# Tecno/hardcore?



## Rollie pollie (Apr 7, 2010)

does anyone listen to tecno or runderground


----------



## Damien916 (Apr 11, 2010)

Me. I'm on a big VNV Nation kick right now. Another favorite is Wolfsheim-I'd call them "easy listening". Also got some Wumpscut and Velvet Acid Christ. I wish I had more, but I don't know what would trip my fancy and I'm not about to blow my cash on something I might not like. And no, I don't buy through iTunes. I wouldn't mind some Juno Reactor, but I'd like to finish off my VNV Nation collection first and I'd also like to see about Aphex Twin.


----------



## Rollie pollie (Apr 14, 2010)

thats cool man what about any trance or Dj Triplestar


----------



## weedlover714 (Apr 15, 2010)

I love trance. I produced trance. Now i produce and perform Electro music. check my band out if u wanna listen. its' called Speaker Junkies http://www.myspace.com/speakerjunkies


----------



## weedlover714 (Apr 15, 2010)

Damien916 said:


> Me. I'm on a big VNV Nation kick right now. Another favorite is Wolfsheim-I'd call them "easy listening". Also got some Wumpscut and Velvet Acid Christ. I wish I had more, but I don't know what would trip my fancy and I'm not about to blow my cash on something I might not like. And no, I don't buy through iTunes. I wouldn't mind some Juno Reactor, but I'd like to finish off my VNV Nation collection first and I'd also like to see about Aphex Twin.

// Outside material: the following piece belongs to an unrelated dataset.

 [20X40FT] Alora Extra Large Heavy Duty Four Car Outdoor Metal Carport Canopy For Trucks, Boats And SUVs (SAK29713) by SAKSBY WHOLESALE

Word. VNV is cool. I also like Apotygma Berserk.


----------



## kRoNiiK (Apr 19, 2010)

Big fan of hardcore - pretty much anything under Masters of Hardcore. When im in just tryin to mellow out Tiesto ALWAYS has my back.


----------



## Rollie pollie (Apr 29, 2010)

thats cool, what about trance generators, or dj caffeine


----------



## Rollie pollie (Apr 29, 2010)

weedlover714 said:


> I love trance. I produced trance. Now i produce and perform Electro music. check my band out if u wanna listen. its' called Speaker Junkies http://www.myspace.com/speakerjunkies


you guys are good bro


----------



## iNVESTIGATE (Apr 30, 2010)

Does this count?


[youtube]pukyRPpR8jg[/youtube]

[youtube]BRS5JiL4Xug[/youtube]


----------



## brandon. (Apr 30, 2010)

I get down to some LTJ bukem, bad boy bill, oakenfold, and a few others.


----------



## Johan (May 3, 2010)

http://myspace.com/seandeejay

good trance and physadelic


----------



## NI420 (May 3, 2010)

if trance is your thing get onto iso hunt and search Trance Energy - Utrecht NL - 03-04-2010, and listen to the W&W mis, its fckn greatfile:///C:/Users/mochine/Documents/Downloads/Trance%20Energy%20-%20Utrecht%20NL%20-%2003-04-2010/


----------



## sunni (May 5, 2010)

i like the di.fm its an awesome site has a few commercials in it they just put that in i dont mind listening to two hours of music and 1 commercial not a big deal has all types of techno trance hardstyle you name it


----------



## cdrippper2 (May 18, 2010)

Rollie pollie said:


> thats cool, what about trance generators, or dj caffeine


 DJcaffeine...listened to him a while back. haven't heard anything "new new" from him for a while. Also, there are a bunch of other good "techno/dance/house" dj's from the Chicago area. Best and only techno/dance station in the Chicago area (north up to rockford, west past dekalb, and south to kankakee, or about 1/4? of the state of illinois) is "dance fm". You can listen online also, starting at 9 pm 
central time also. http://www.dancefactoryfm.com/ check it out
Also, anyone still use kahvi.org? i use to listen to a bunch of the "ambient" techno on their, but i fell off that bandwagon


----------



## Rollie pollie (May 19, 2010)

cdrippper2 said:


> DJcaffeine...listened to him a while back. haven't heard anything "new new" from him for a while. Also, there are a bunch of other good "techno/dance/house" dj's from the Chicago area. Best and only techno/dance station in the Chicago area (north up to rockford, west past dekalb, and south to kankakee, or about 1/4? of the state of illinois) is "dance fm". You can listen online also, starting at 9 pm
> central time also. http://www.dancefactoryfm.com/ check it out
> Also, anyone still use kahvi.org? i use to listen to a bunch of the "ambient" techno on their, but i fell off that bandwagon


thats crrrrrrrrrrrazy, so you live on the east coast?


----------



## cdrippper2 (May 20, 2010)

Naw... illinois somewhere within that "techno" stations broadcasting area lol. Meant Chicago as in Chicago,Illinois too btw


----------



## Rollie pollie (Jun 23, 2010)

cdrippper2 said:


> Naw... illinois somewhere within that "techno" stations broadcasting area lol. Meant Chicago as in Chicago,Illinois too btw


hahahahaha I barely caught that right now lol thats how slow I am


----------



## Nextron (Sep 15, 2010)

I find listening to TechnoBaseFM and Pulsradio (You can find them in winamps Shoutcast Radio) to be a good source of discovering new techno/trance.
Basically what I end up listening to most of the day.


----------



## justinbars (Sep 15, 2010)

wolfgang gartner

[video=youtube;8IwoUVupWVY]http://www.youtube.com/watch?v=8IwoUVupWVY[/video]


----------



## ford442 (Sep 16, 2010)

You all have respect for the man in the ice cream van right?

http://www.youtube.com/watch?v=3W47NAhGME4


----------